I also like the included frosted glass diffuser (feels like glass, not plastic). This can be used to replace the clear lens, but I find it also fits over the existing lens assembly if you don't want to open everything up (i.e. just unscrew the bezel and pop on top). Note the bezel ring doesn't screw down all the way with both lenses in place, of course.














The SL6 has a narrow reflector with a fairly flat curvature (light OP coating), suggesting the light will not be a great thrower. XM-L emitter was well centered on my sample.

Which brings me to the white-wall beamshots.  All lights are on AW protected 18650, about ~0.75 meter from a white wall (with the camera ~1.25 meters back from the wall). Automatic white balance on the camera, to minimize tint differences. All beamshots taken immediately upon activation.


























































As expected, the beam profile is fairly floody, even without the frosted diffuser.

_UPDATE AUGUST 21, 2011: I have now done 100-yard outdoor beamshots, in the style of my earlier 100-yard round-up reviews._






*User Interface*

Overall, the Spark SL6 has a similar user interface to the Zebralights.

I'll start with the main difference – the SL6 has dual electronic switches, which function inter-changeably (i.e., either one can be used for on/off or mode switching). 

A quick click-release of either switch activates the light.

There are five modes to the SL6, four of which are accessed sequentially by holding down either switch (and letting go when the mode you want is reached). These are Lo – Med1 – Med2 – Hi, in repeating sequence.

The fifth constant output mode is called Super Hi, and is accessed by double-clicking the switch in any mode. Manufacturer claims LED is driven at 3.0A on Super Hi. 

There are no strobe/SOS modes on the SL6.

The SL6 has mode memory, and remembers the last level used when re-activating the light. Note this memory is lost if you unscrew the tailcap (i.e. light starts up at its lowest setting after a battery change).

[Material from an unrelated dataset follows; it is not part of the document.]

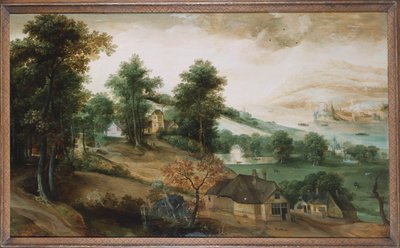 Laaja maisema mökeillä etualalla, 1561 tekijältä Jacob Grimmer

There is one quirk in the timing – you need to be quick on the press to activate the light. If you hold the switch for too long before releasing (i.e., half a second, as you might on a standard clicky), the light turns on and shuts off. :thinking: If you hold the switch for a second or more, the light comes on and cycles through the output levels. The timing reminds me of the Zebralight SC series (i.e. a quick press for Hi, a more sustained press for Lo). But it's odd that the more sustained press here results in the light turning on-off. :shrug:

_*UPDATE:* Seems like this timing quirk was an intentional design, to allow for momentary signaling. While it works for this purpose, it is a bit tricky, as you need to get the timings just right (i.e. quick release for sustained on, longer hold before release for momentary on-off, and an even longer hold for ramping). _

*PWM/Strobe*

*UPDATE July 23, 2011:* I had originally assumed the Lo and Med1 modes of the SL6 used high-frequency PWM, as I could detect a re-occuring signal on these levels only (i.e. no signal on Med2, Hi or Super). 

Lo mode:





Med1 mode:





HKJ believes the SL6 is still current-regulated at these levels, but given the difficulties in providing high current regulation at a low current, the circuit overcompensates and produce a lot of high-frequency noise. As you can see in my traces as well, the frequency of this noise is quite variable, but is typically in a range of ~21kHz on Med1 and ~11kHz on Lo in my testing. This noise is completely undetectable by eye - you will not be able to observe any flickering on the lower outputs on the SL6. :thumbsup: And Spark confirms, their lights are fully current-controlled at all levels.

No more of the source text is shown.